在线提供 19 October 2023
For the sake of improving the mechanical properties and corrosion resistance of biodegradable Mg alloy synergistically, various content of element V (0, 0.05, 0.10, 0.15,
0.20 wt.%) are introduced into an Mg-Zn-Y alloy with long-period
stacking ordered (LPSO) structure, and the effects of V on its
microstructure, mechanical properties and corrosion resistance are
investigated systematically. The results indicate that the grains are
effectively refined by V addition, and the primary α-Mg in Mg-Zn-Y-V0.1
alloy is most significantly refined, with grain size being decreased by
62%. The amount of 18R LPSO structure is increased owing to the V
addition. The growth mode of the second phase (W-phase and 18R LPSO
structure) is transformed to divorced growth pattern, which ascribes to
the thermodynamic drive force of V to promote the nucleation of LPSO
phase.
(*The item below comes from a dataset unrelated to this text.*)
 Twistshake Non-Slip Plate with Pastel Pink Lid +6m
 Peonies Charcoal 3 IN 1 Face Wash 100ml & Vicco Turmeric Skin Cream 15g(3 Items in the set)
Thus, 18R LPSO structure presents a continuous distribution. Due
to grains refinement and modification of second phase, the tensile strength and strain of alloys are both enhanced effectively. Especially, the
ultimate tensile strength and the elongation of V0.1 alloy are 254 MPa
and 15.26%, which are 41% and 61% higher than those of V-free alloy,
respectively. Owing to the continuously distributed 18R LPSO structure
with refined grains and stable product film, the weight loss and hydrogen evolution corrosion rates of V0.1 alloy are 7.1 and 6.2 mmy−1, respectively, which are 42.6% and 45.4% lower than those of V-free alloy.